Bug 14858 - [FO30] format-integer picture string
Summary: [FO30] format-integer picture string
Status: CLOSED FIXED
Alias: None
Product: XPath / XQuery / XSLT
Classification: Unclassified
Component: Functions and Operators 3.0 (show other bugs)
Version: Member-only Editors Drafts
Hardware: PC Windows NT
: P2 normal
Target Milestone: ---
Assignee: Michael Kay
QA Contact: Mailing list for public feedback on specs from XSL and XML Query WGs
URL: http://www.w3.org/XML/Group/qtspecs/s...
Whiteboard:
Keywords:
Depends on:
Blocks:
 
Reported: 2011-11-17 16:10 UTC by Tim Mills
Modified: 2012-05-18 15:26 UTC (History)
0 users

See Also:


Attachments

Description Tim Mills 2011-11-17 16:10:18 UTC
The specification states that:

"A picture consists of a primary format token, followed by an optional format modifier. If the picture is two or more characters in length and the final character is one of those permitted as a format modifier, then the primary format token consists of the entire picture except for its final character; otherwise the primary format token is the entire picture."

and that:

"The format modifier, if present, is one or more of the following, in any order:

    either c or o, optionally followed by a sequence of characters enclosed between parentheses, to indicate cardinal or ordinal numbering respectively, the default being cardinal numbering

    either a or t to indicate alphabetic or traditional numbering respectively, the default being 
Comment 1 Michael Kay 2011-11-28 23:34:10 UTC
I think it should say that the format modifier if present consists of a single character optionally followed by a sequence of characters starting with '(' and ending with ')' and not containing either '(' or ')'; and then  for 'final character' read, the last character in the string or the last character before the '('. Editorial work needed to find the right way to say this...
Comment 2 Michael Kay 2011-12-06 21:01:34 UTC
The WG encouraged the editor to specify the format of the picture by means of a formal grammar or regular expression. The following regular expression has been submitted for review by the WG, and is included in the status quo text on the presumption that it is OK:

^((\p{Nd}|#|[^\p{N}\p{L}])+?)(([co](\([^()]\))?)?[at]?)$

(this needs to be supplemented by additional prose rules, of course)
Comment 3 Michael Kay 2011-12-13 16:38:21 UTC
The last call draft of 13 December 2011 includes the a regular expression to define the picture string as given in comment #2, but unfortunately (as pointed out in subsequent email) this is incorrect: it works for the "decimal" form of picture string, but not for other forms such as A, I, or Ww.
Comment 4 Michael Kay 2012-01-19 11:13:04 UTC
I think the regex for the format modifier should be as follows: if the string ends with

(([co](\([^()]+\))?)?[at]?)

then this is taken as the format modifier. This differs from the published regex by the addition of the "+" quantifier. There may be better ways of expressing this (or paraphrasing it).
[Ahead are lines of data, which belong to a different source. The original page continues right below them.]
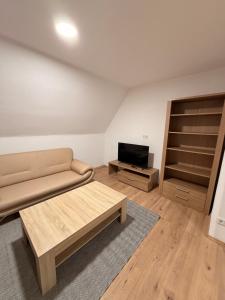 a living room with a couch and a tv at Workhome A2 zu 6 in Lünen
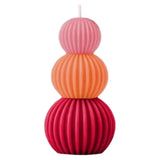 Stack of three colorful ribbed balls candle on a white background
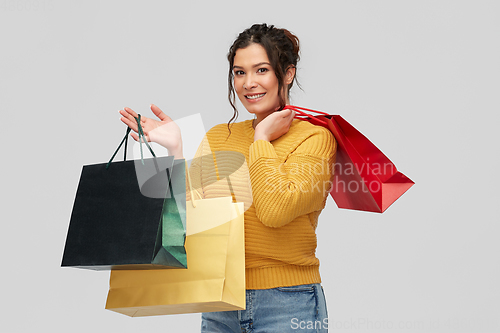 Image of happy smiling young woman with shopping bags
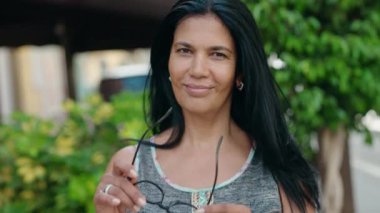 Orta yaşlı İspanyol kadın sokakta kendine güvenen gözlüklü gülümsüyor.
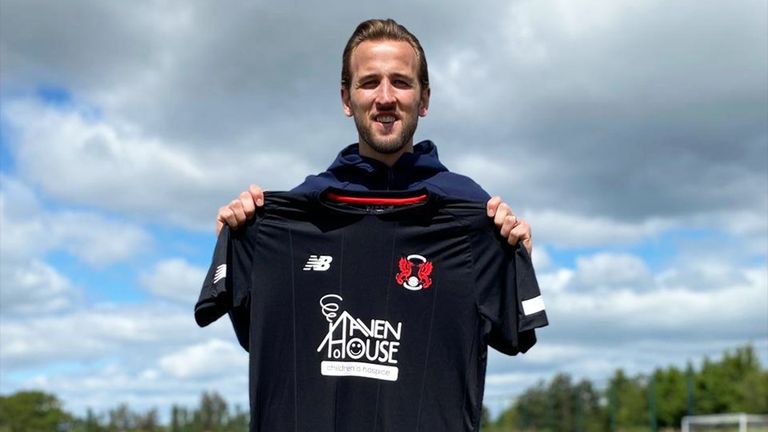Harry Kane holding one of the Leyton Orient shirts he has sponsored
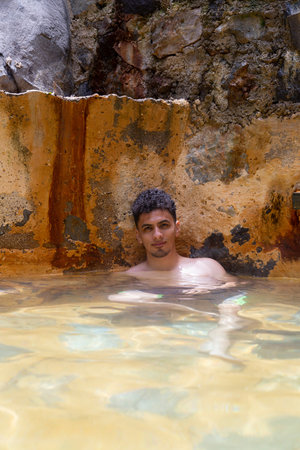 Hispanic Hispanic man in hot springs relaxing in Guatemalaの写真素材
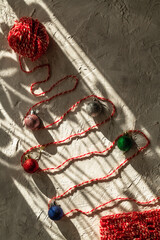 A Christmas tree with red threads and colored balls and a knitted bag on a light background.
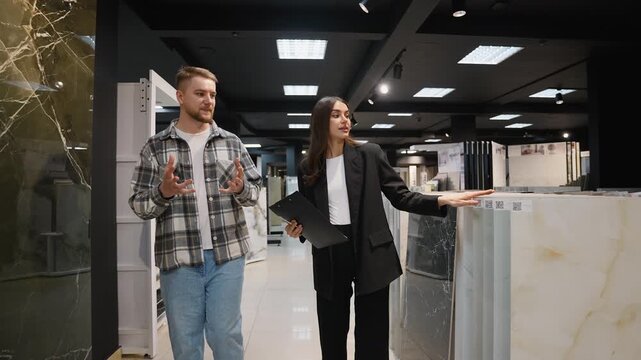 Designer assisting client selecting granite tiles in showroom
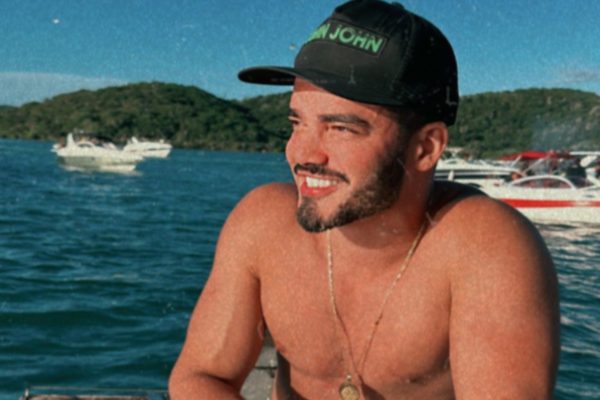 Foto colorida de Fábio Gontijo usando boné, sem camisa, com fundo na praia - Metrópoles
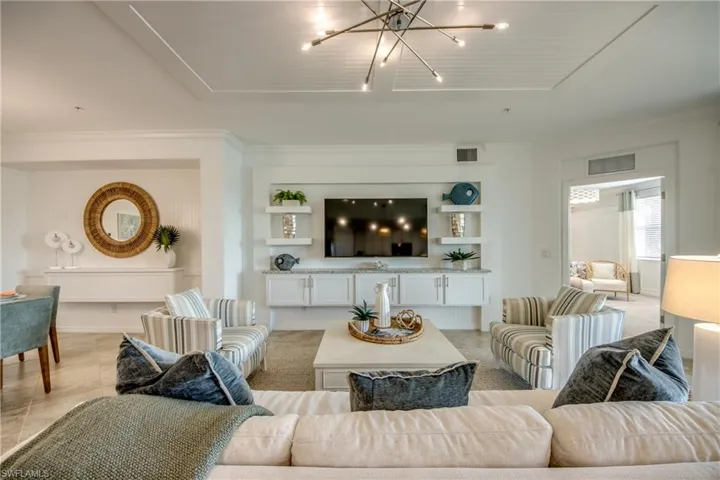 Living room featuring ornamental molding and an inviting chandelier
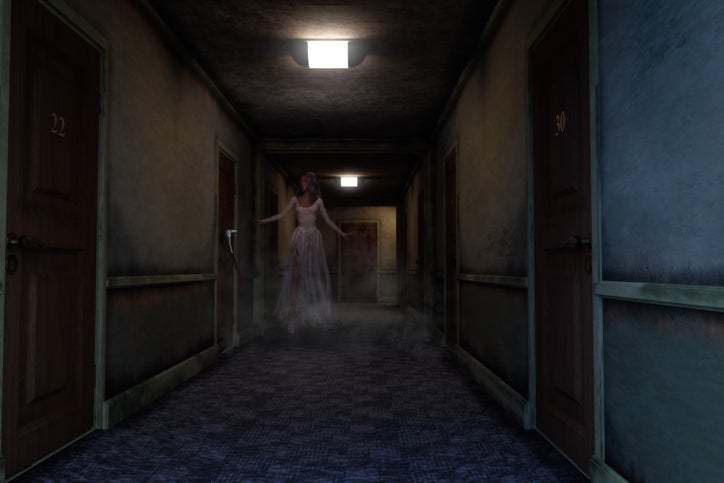 A ghostly woman in torn wedding dress floats along a dark haunted hotel hallway; 3D illustration. North Carolina Haunted Hotel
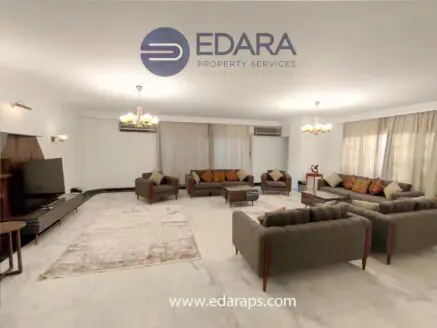Spacious living room featuring a sofa set, coffee table, and television against a neutral backdrop.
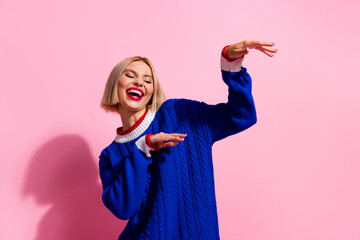 Wall Mural - Photo portrait young girl wearing blue knitted sweater boogie woogie weekend of clubber raised hands up isolated on pink color background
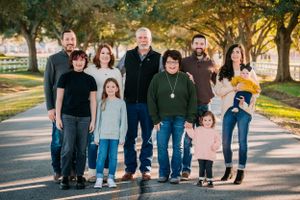 A multi-generational family group stands together on a tree-lined path during a sunny autumn day.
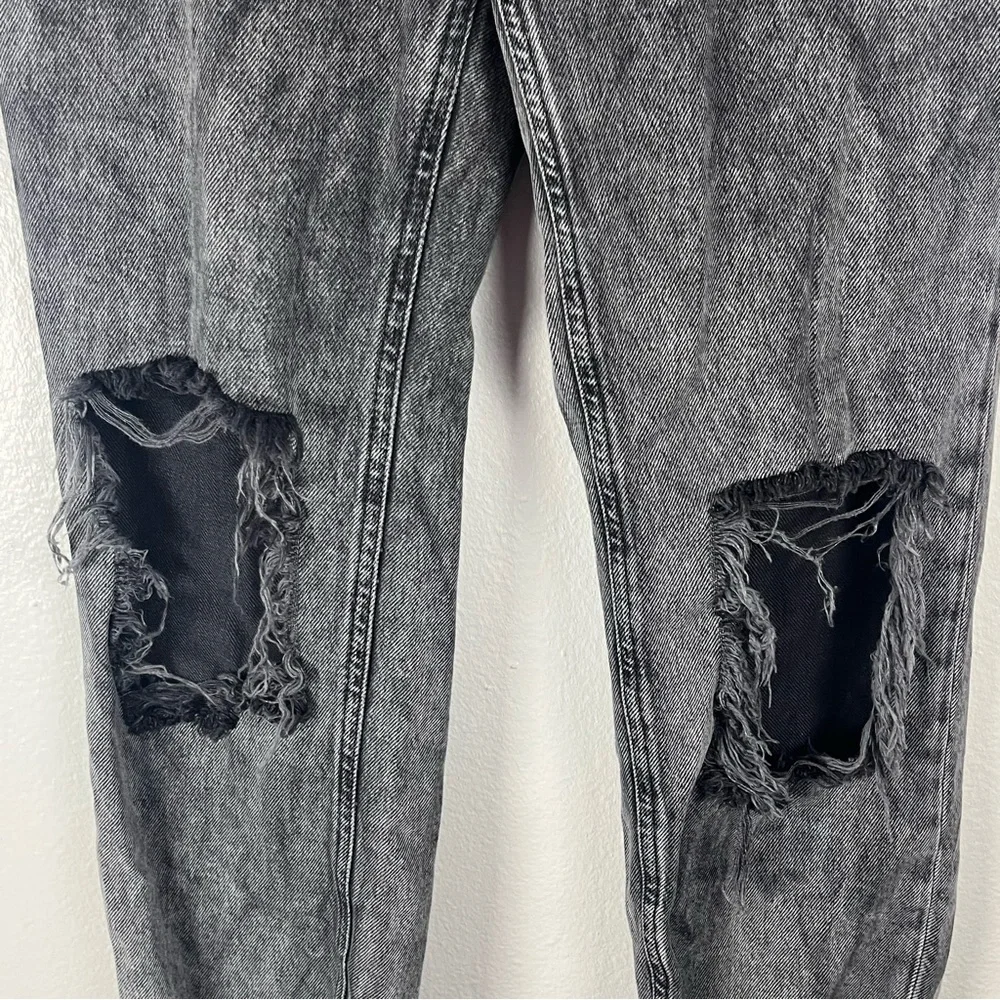 FREE PEOPLE Maggie Black Wash Button Fly Busted Knees Sharkbite Hem Jeans 26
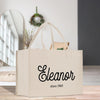 a white shopping bag sitting on top of a wooden table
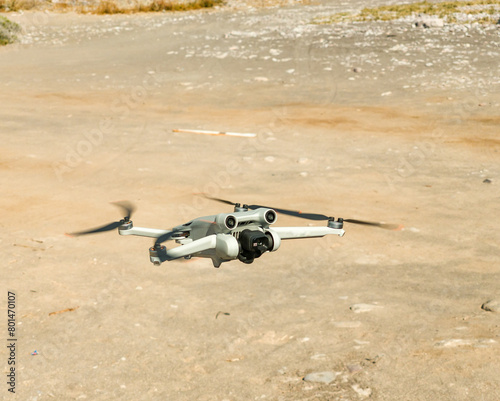View of a small gray drone in full flight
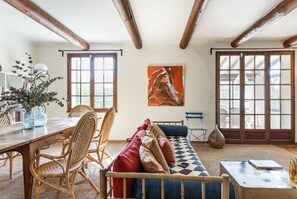 TV, fireplace, books, offices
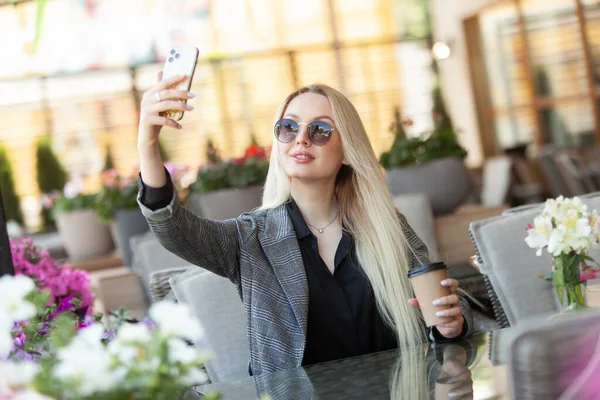 年轻的金发女郎戴着太阳镜 坐在咖啡馆的阳台上 一边喝着咖啡 一边自作主张 — 图库照片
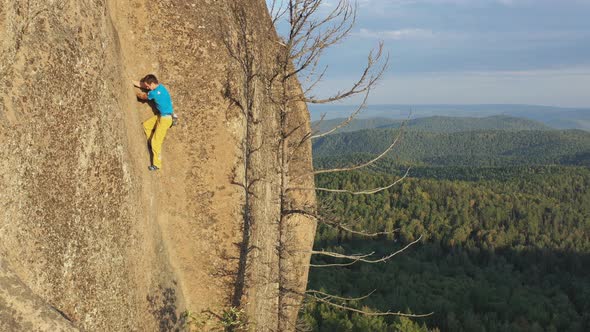 Aerial Shot of a Young Man Climbing a Rock Crack To the Top of a Mountain Without Insurance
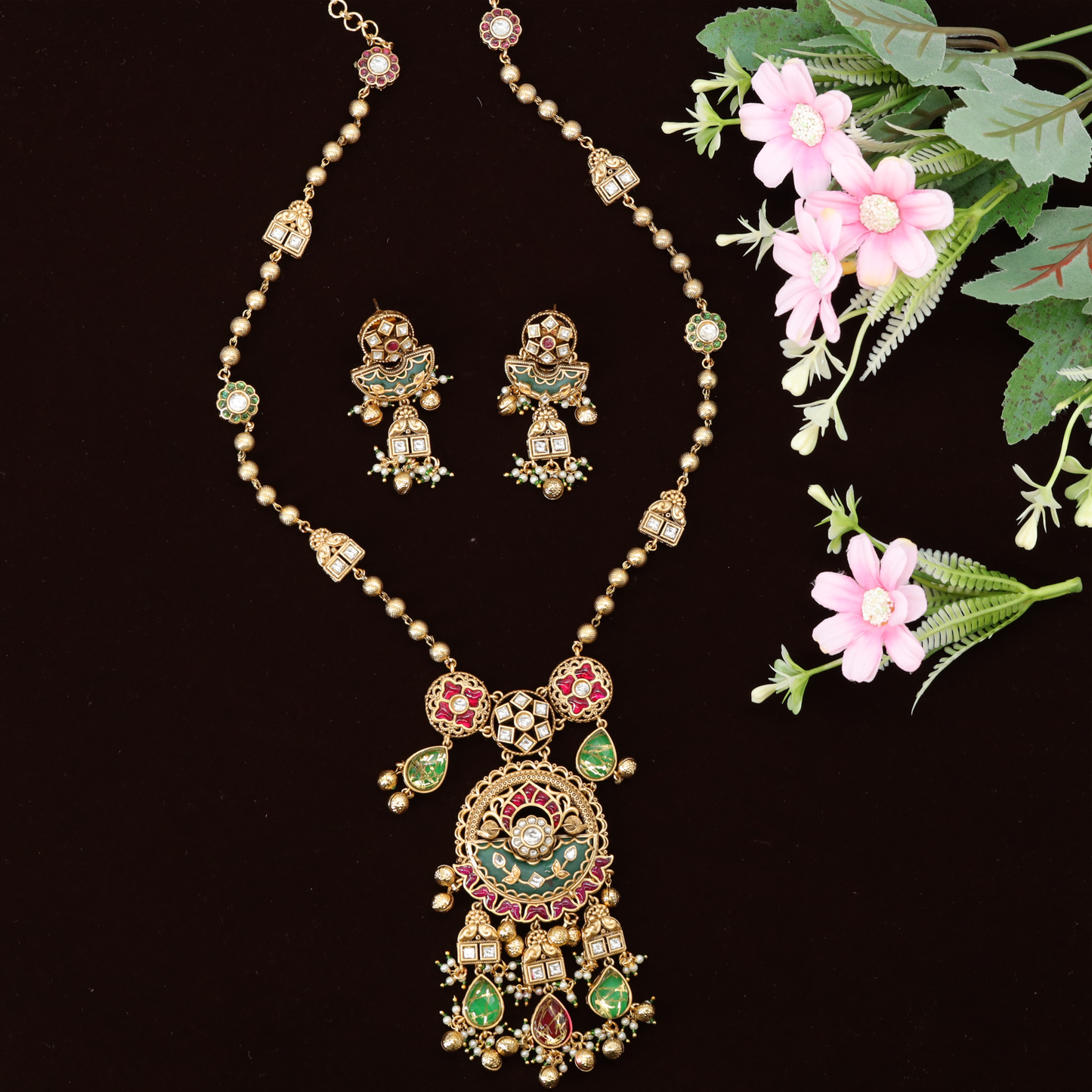 Elegant Long Haara Set with Decorative Circular Pendant Design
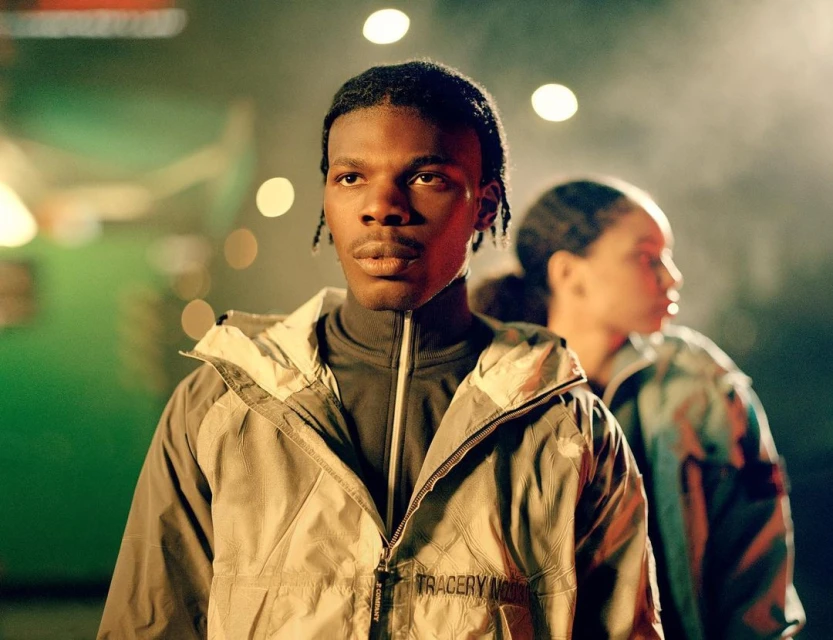 An adult Black male wearing a grey jacket stands in focus, with an adult Black female out of focus in the background, in an indoor setting.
The regex for the first part of the picture is wrong. The part preceding the format modifier must either be a decimal digit pattern, which matches

((\p{Nd}|#|[^\p{N}\p{L}])+?)

or some other format token defined in the specification, which matches

(A|a|I|i|W|w|Ww)

or an implementation-defined format token, which I propose should be unrestricted except that it must not be empty.

I think we should express this as follows.

(1) The value of $picture must match the regular expression ^ (.+) ( ([co]( \([^()]\))? )? [at]? )$ according to the rules of the matches() function with flags "xs". (This is not a severe restriction: only the zero-length string fails to match this pattern.)

(2) Following this match, the content of captured group 1 is referred to as the primary format token, and the content of captured group 2 is referred to as the format modifier. The semantics of the format modifier are covered by existing rules.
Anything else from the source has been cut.